To understand Le Corbusier’s interpretation of Indian realities, both recent and more distant, it is necessary to consider the very raison d’être of the new city. Chandigarh was created out of the hopes, chaos and tragedy surrounding the Independence of India in 1947, and the subsequent Partition in 1948 which led to the creation of Pakistan.
The state of the Punjab was cut in two and the old capital of Lahore was left on the Pakistani side. Needed then was a city to house innumerable refugees, but also to supply an administrative head to the Indian Punjab and to anchor and stabilise a crucial part of northern Indian territory.
This emergency situation was translated into a major opportunity when Nehru understood that the new city could in turn become a show-piece of the newly independent nation. When Chandigarh was in construction, Nehru referred to it as a “temple of the new India… unfettered by tradition.” The entire mood of those times was to construct a better future and to forget years of colonial occupation which had often forced Indians to live in extremely cramped and unhygienic conditions in the old cities.
The themes of open space, greenery and light which were so dear to Le Corbusier, touched many chords with members of an elite whose values were to some degree ‘western’. Political independence for India permitted the planning of a national future but also a reassessment of the past. “She (India) is waking up… intact at a time when all is possible,” wrote Le Corbusier to Nehru: “But India is hardly a brand new country: it has lived through the highest and most ancient civilisations. It has an intelligence, moral philosophy and conscience of its own.”
India also happened to possess one of the greatest architectural heritages in world history, and of this too Le Corbusier was fully aware. This was another side of his task: to acknowledge India’s spiritual and artistic traditions but without lapsing into superficial imitation or orientalism. It was a question of probing Indian culture to its roots, its deeper patterns of myth and meaning, then transforming these substructures into modern symbolic forms.
The problem was not so foreign to an architect who had always linked authentic modernity to the radical reappraisal of the past. When Le Corbusier first came to India in 1951 he was quick to grasp these larger political agendas. He was also inspired by, even overwhelmed by, the selected site, a drainage plain containing several villages but with extraordinary views in the direction of the foothills of the Himalayas.
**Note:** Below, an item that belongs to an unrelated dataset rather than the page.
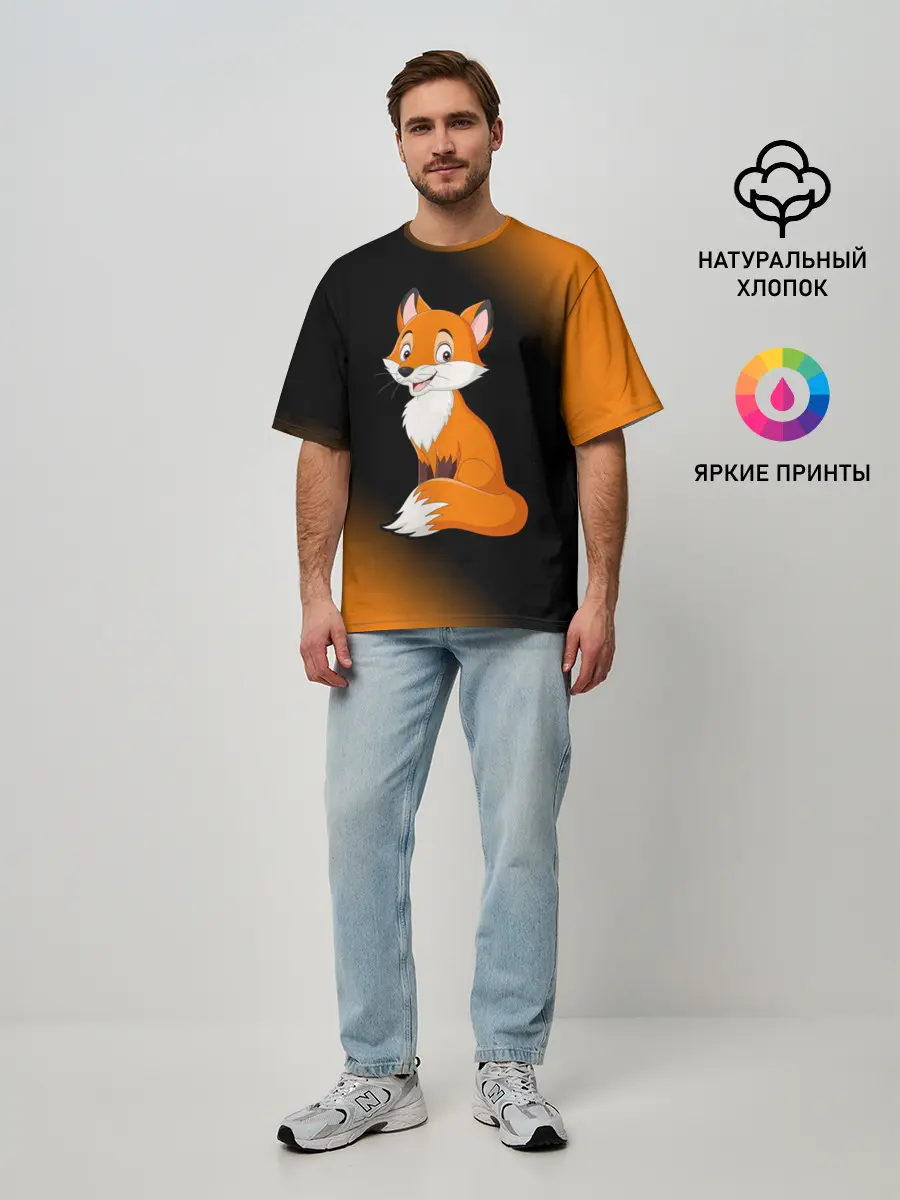 Мужская футболка оверсайз / Лисичка - Градиент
He realised that brick and reinforced concrete would be his most likely materials, especially given the abundance of clay and the indigenous expertise in concrete construction on the part of Indian engineers. He responded to the climate with its extreme heat and rains as a stimulus in finding an appropriate vocabulary. In his Indian sketchbooks he referred to deep loggias, verandas, shading devices, cross ventilation, plants and water.
The smaller commissions in Ahmedabad (Sarabhai House, Millowner’s Association Building, Shodhan House, etc.) were like laboratories. He soon established the basic ‘key’ or ‘genotype’ for his Indian works: the ‘parasol’, an overhanging, protective roof held up on slender supports, providing shelter from the sun and the rain, but also providing cross ventilation underneath through sun shading blades or brisesoleil (sunbreakers).
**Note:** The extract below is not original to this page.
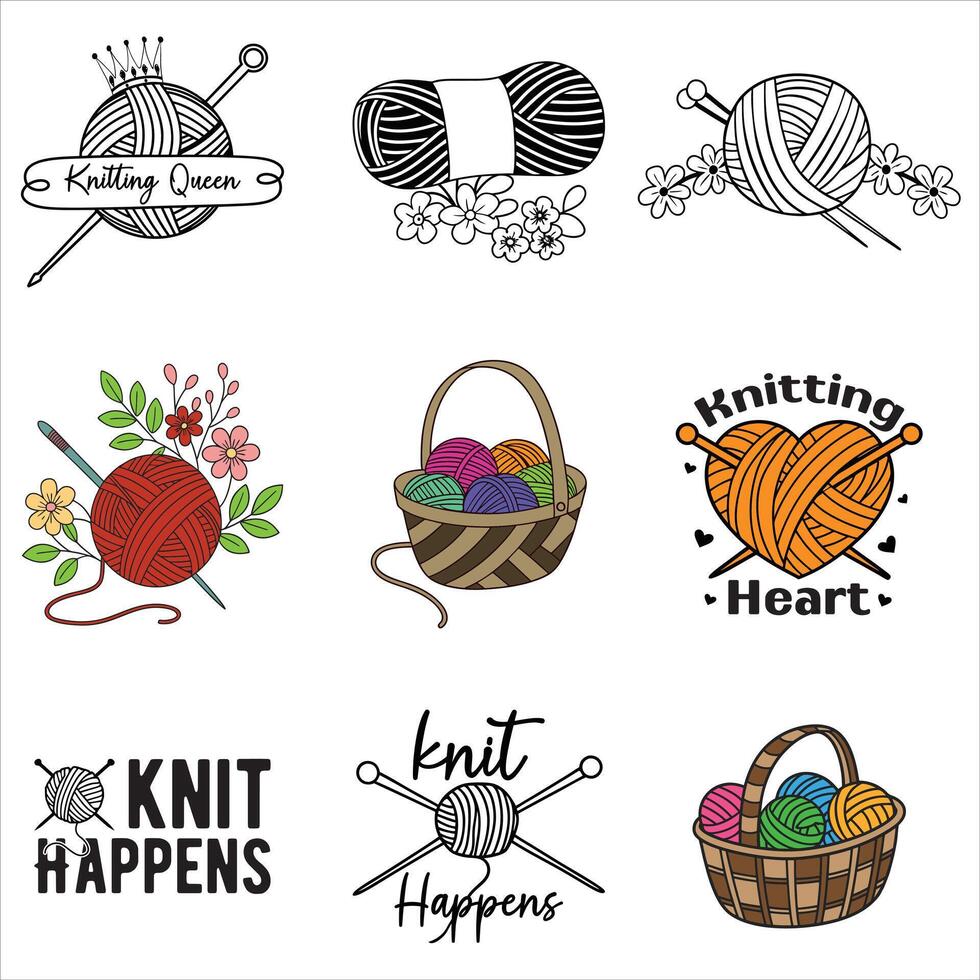 Set of Knitting illustration, Yarn clipart design vector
In effect the parasol was a transformation of the topmost slab of the Dom-Ino skeleton, although there was the intervening discovery of the shading roof of the Maison Baizeau in Tunis of 1928. Variations on the ‘parasol theme’ can be found in all of the main buildings on the Capitol in Chandigarh.
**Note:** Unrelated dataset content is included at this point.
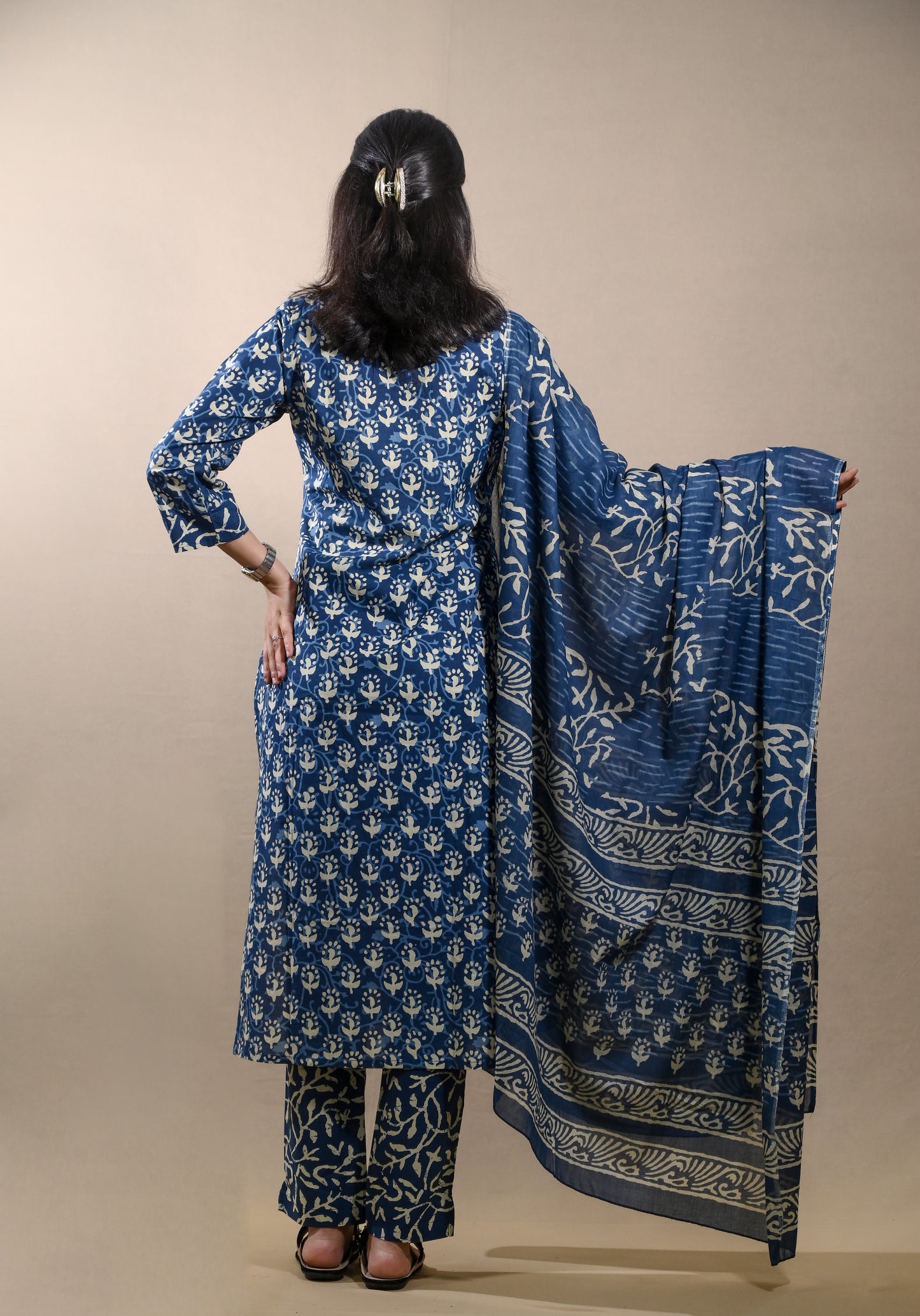 Indigo Ajrakh Print 3-Piece Set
The Capitol is the symbolic ‘head’ of Chandigarh, a city which suggests an abstraction of the body with the ‘spine’ of the main axial road and the ‘arms’ of the main transversal one. On the Capitol the buildings are sensed in an everchanging dialogue of spatial relationships and framed views.
Le Corbusier set them far apart so that justice could be independent of the parliament and the executive (and vice-versa) in a graphic demonstration of the balance of powers. His spatial conception of a shared landscape also had to do with openness, the opposite of tyranny.
He established some of the terms of a ‘democratic monumentality’ expressing the e strength of institutions of state, but avoiding authoritarian oppressiveness. The buildings are rarely perceived as frontal forms and seen on the diagonal deflect the eye in a perspective towards the surroundings.
The naked concrete forms dramatised by light and gashed by shade have an ancient feeling and yet these masses seem to float in space. They combine a brute directness with a refined, linear sense in their profiles.